Martedì 10 Maggio 2016 di Gi. Bi.
Valeria Solesin e Giulio Regeni

PADOVA/UDINE - Un Comitato per Giulio Regeni. Nasce dall'impegno di alcuni volontari del  Centro Studi Storici Luccini di Padova che si appellano - e qui sta l'originalità dell'iniziativa - a tutti coloro che hanno onorato la memoria della ricercatrice veneziana Valeria Solesin.

I motivi dell'iniziativa
«Perché la società civile deve chiedere la Verità per Giulio: l’evidente imbarazzo dei vari Paesi – ivi compresa l’Italia, il cui Governo è da varie settimane silenzioso sulla vicenda – nel chiedere conto al Governo egiziano del crimine di cui si è macchiato, impone oggi alla cosiddetta società civile – in primo luogo quella italiana - la responsabilità di chiamare apertamente i propri rispettivi Governi ad azioni incisive contro l’attuale politica del regime di Al Sisi.  Un'opinione pubblica che pensasse di delegare alla sola diplomazia la conduzione della campagna per la verità, si assumerebbe una colpa grave:  quella di una sostanziale acquiescenza al regime di Al Sisi e ai suoi crimini, da quello di Giulio Regeni a quelli delle migliaia di persone arrestate e torturate in Egitto.
E’ necessario oggi affermare con forza che la battaglia contro il terrorismo islamista non può e non deve essere affrontata mettendo da parte la libertà e i diritti civili, affidandone la gestione a regimi colpevoli della più spietata repressione  contro i propri cittadini. Noi pensiamo che la società civile italiana, che ha unanimemente onorato la ricercatrice veneziana veneziana  Valeria Solesin, uccisa nell’attentato al teatro Bataclan di Parigi nello scorso novembre, e ne ha apprezzato l’impegno professionale e civile con cui aveva condotto la sua vita di giovane italiana emigrata all’estero, debba in modo del tutto analogo onorare la memoria di Giulio Regeni, imponendo che emerga la verità sulla sua morte.

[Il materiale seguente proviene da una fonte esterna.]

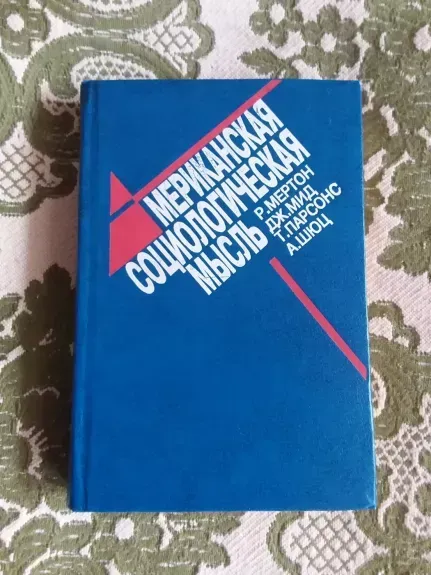 Американская социологическая мысль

Dobbiamo diventare pienamente consapevoli del fatto che Valeria Solesin e Giulio Regeni appartengono entrambi a quella meglio gioventù che il nostro Paese deve assolutamente difendere.  Quella gioventù, la gioventù Erasmus, che ha saputo utilizzare al meglio l’opportunità di studio ad essa offerta, sviluppando la conoscenza e la pratica della multietnicità, il rispetto e la curiosità per le altre culture, il senso profondo della convivenza umana e civile.
Lo studioso Giulio Regeni, che al Cairo studiava, per la sua tesi di dottorato presso l’Università di Cambridge, la struttura produttiva ed il mondo del lavoro in Egitto,  era un appartenente a questa gioventù  e dimostrava concretamente quanto la conoscenza e la cultura siano oggi strumenti essenziali per la convivenza tra i popoli.    
Per rendere onore e per difendere questi giovani proponiamo la costituzione di un Comitato nella nostra Padova, che dovrà premere sul Governo italiano perché non faccia mancare l’impegno per arrivare alla verità sulla morte di Giulio Regeni, anche adottando iniziative incisive contro Al Sisi: dalla definizione dell’Egitto come Paese pericoloso – ciò comporterebbe un attacco economico alla sua industria del turismo -, all’embargo, in particolare  delle armi, che colpirebbe da un punto di vista politico e militare l’attuale regime egiziano, fino ad atti più estremi, anche se certamente remoti, quali la minaccia della interruzione delle relazioni diplomatiche. Alcune iniziative in tal senso sono già avviate nel nostro Paese: si tratta ora di ampliarle e di dare ad esse continuità.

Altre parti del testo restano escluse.